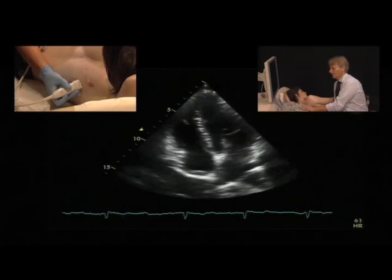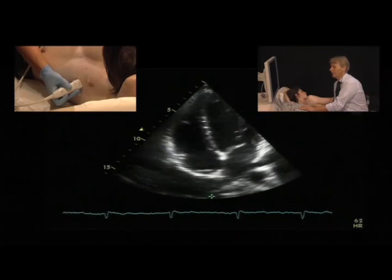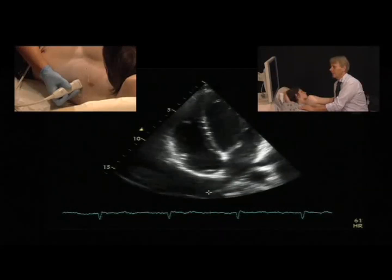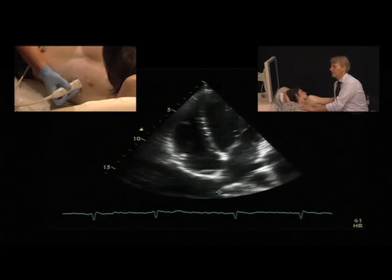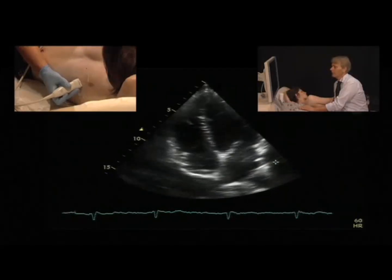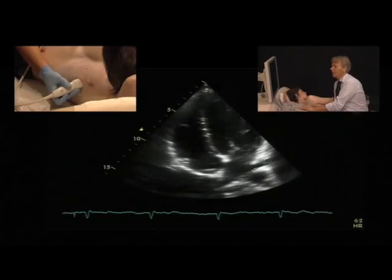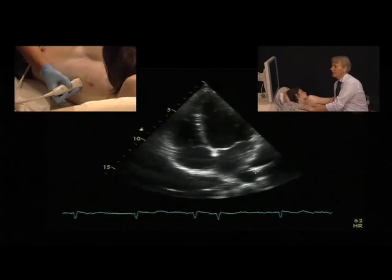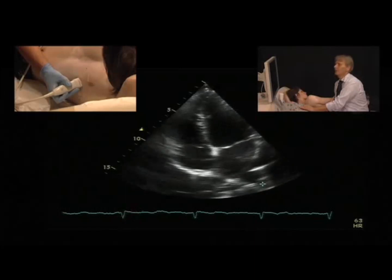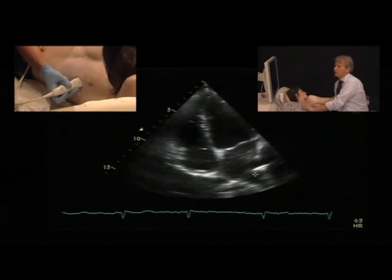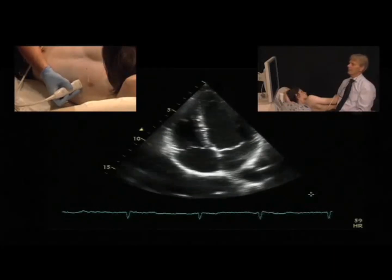Going into more detail, we can even see the pulmonary veins as they enter the left atrium — the right upper pulmonary vein, the lower and upper left pulmonary veins. You would also see the descending aorta, orthogonally visualized, in this view.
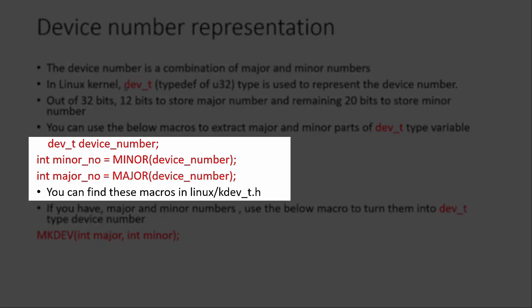You can use these macros to extract major and minor parts of a dev_t type variable. Let's say you have a variable device_number of type dev_t and if you want to extract the minor and major number out of this variable, just use these macros MINOR and MAJOR. These macros are mentioned in kdev_t.h in the Linux kernel.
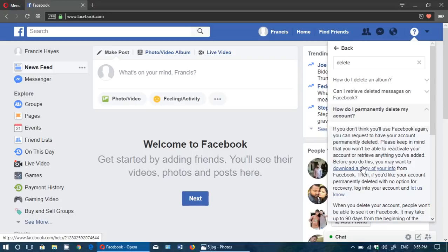Remember that this option of deleting the account is irreversible. Once you do it you'll not be able to go back and get into your account again. That's why you got to really think about it.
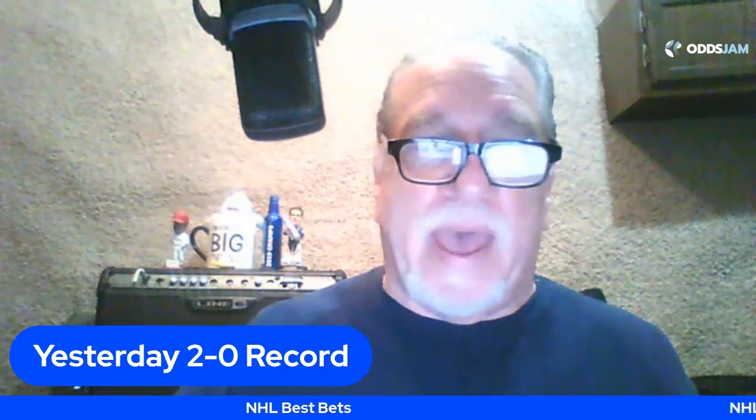Don't forget the Odds Jam Partner Program. There's a link for that below, too. Yesterday's record, I was 2-0, so feeling pretty good about that and ready to get started for today.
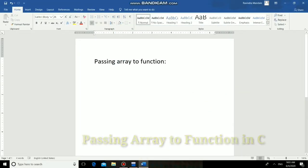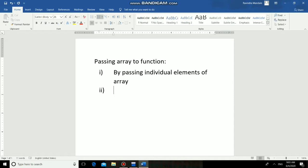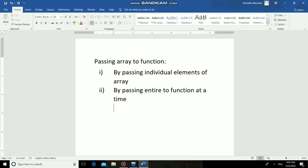In this session I am going to demonstrate passing array to function in C language. We can pass array to function in C by using two ways. The first way is passing individual elements of array to function, and the second way is by passing the entire array to function at a time. The second method is more convenient — instead of passing all individual elements, you can pass the entire array in a single go. I will first show the first method and then we'll see the second method.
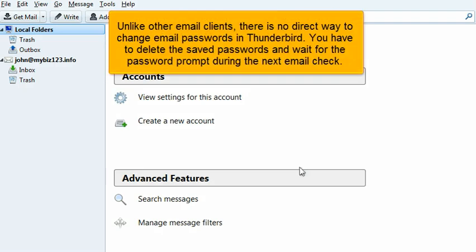Unlike other email clients, there is no direct way to change email passwords in Thunderbird. You have to delete the saved passwords and wait for the password prompt during the next email check.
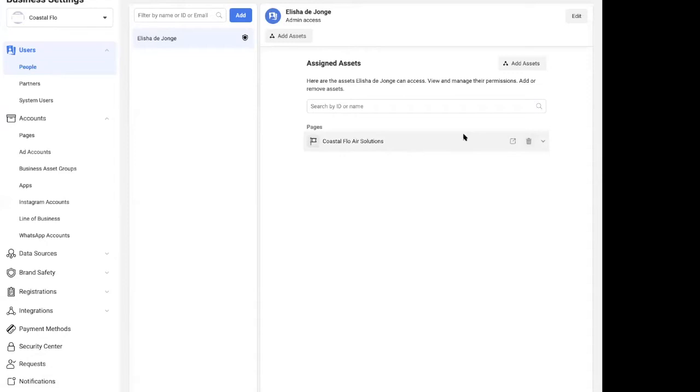Hey everybody, Alicia here. I'm going to show you something that I've noticed Facebook is pushing us more and more to do at the moment, and it's within the business manager itself. It's called setting up a line of business.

_____

#### Problem to solve
Start with the line with "Remember that this" in the listing above and stop after the line with "Don't forget the". Write out exactly the lines in that stretch and no others, without pictures.

#### Task answer
Remember that this option of deleting the account is irreversible. Once you do it you'll not be able to go back and get into your account again. That's why you got to really think about it.
Don't forget the Odds Jam Partner Program. There's a link for that below, too. Yesterday's record, I was 2-0, so feeling pretty good about that and ready to get started for today.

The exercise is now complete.